- Born: James Roscoe Drummond January 13, 1902 Theresa, New York, U.S.
- Died: September 30, 1983 (aged 81) Princeton, New Jersey, U.S.
- Resting place: Rock Creek Cemetery
- Education: Syracuse University (BS)
- Occupation: Political journalist
- Spouse(s): Charlotte Bruner ​ ​(m. 1926, died)​ Carol Cramer
- Children: 1

= Roscoe Drummond =

American journalist (1902–1983)

James Roscoe Drummond (January 13, 1902 – September 30, 1983) was a 20th-century American political journalist, editor, and syndicated Washington columnist, known for his long association with The Christian Science Monitor and 50-year syndicated column "State of the Nation", serving as director of information for the Marshall Plan, and co-founding Freedom House.

==Early life==
James Roscoe Drummond was born on January 13, 1902, in Theresa, New York, to Georgia Estella (née Peppers) and John Henry Drummond. In 1924, he received a Bachelor of Science in journalism from Syracuse University. At Syracuse, he was editor of the Daily Orange and was a member of Tau Theta Upsilon. He was also a member of Alpha Kappa Psi, Sigma Phi Epsilon, Beta Gamma Sigma and Sigma Delta Chi.

==Career==
On the same day he received his degree in 1924, Drummond joined the staff of The Christian Science Monitor in Boston. He worked as a reporter, assistant city editor, assistant to executive editor and chief editorial writer between the years 1924 and 1930. He was European editorial manager (1930–33); general news editor and member of editorial board (1933–34); and executive editor from 1934 to 1940. In 1940 he was named chief of the bureau in Washington, D.C., a position he held until 1953.

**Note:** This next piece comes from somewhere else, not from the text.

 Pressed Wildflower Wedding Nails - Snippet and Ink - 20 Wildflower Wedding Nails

Drummond took a leave to serve as European director of information for the Marshall Plan from 1949 to 1951 with the Economic Cooperation Administration in Paris. A founding member of Freedom House in 1941, he was a member of the board of trustees (1962–67) and served as its vice-chair. From 1953 to 1955 he was chief of the Washington bureau of the New York Herald Tribune.

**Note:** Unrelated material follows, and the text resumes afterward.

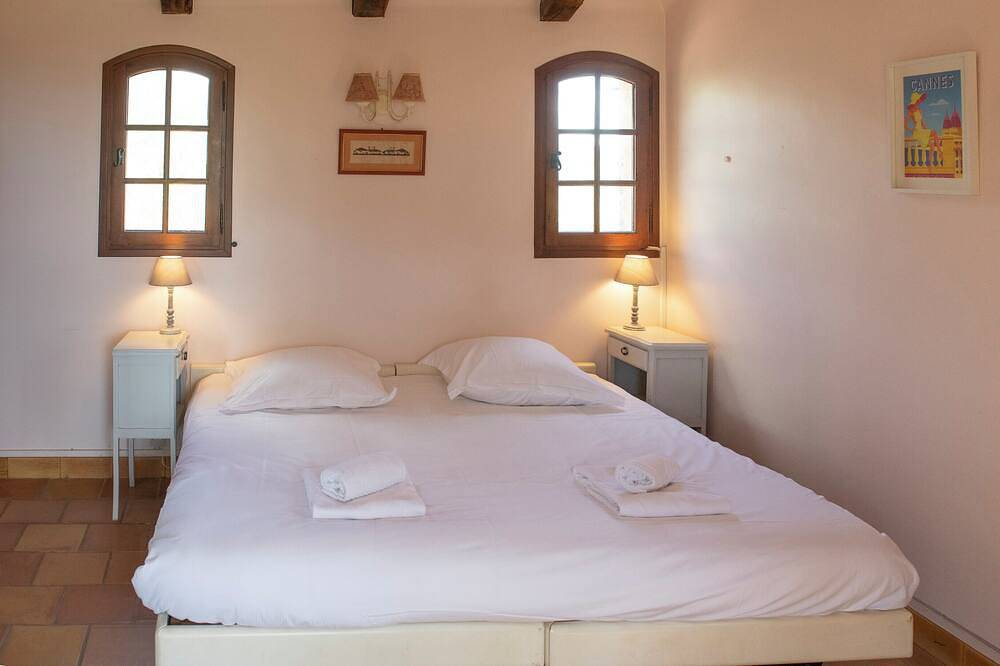 La Lezardiere Villa for 8 By Sunset in Le Tignet, Cannes region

Drummond wrote a political column he wrote for more than 50 years, called "State of the Nation". Syndicated by the Los Angeles Times, the column was carried by 150 newspapers in the U.S. and abroad, and reflected Drummond's Republican point of view. He began writing the column in 1951, succeeding Joseph C. Harsch; he stopped writing the column in 1981 after the automobile accident.

==Personal life==
Drummond married Charlotte Bruner, daughter of Meylert Bruner, of Newton, Massachusetts, on September 11, 1926. They had a son, Geoffrey. His wife died around 1977. He married Carol around 1978.

In 1981, Drummond was injured in an automotive accident. He died of a heart ailment on September 30, 1983, at the Tenacre Foundation, a Christian Science nursing home in Princeton, New Jersey. He was buried in Rock Creek Cemetery.

==Works==
He was co-author (with Gaston Coblentz) of Duel at the Brink (1960), a book about Secretary of State John Foster Dulles. Drummond was writing his memoirs at the time of his death.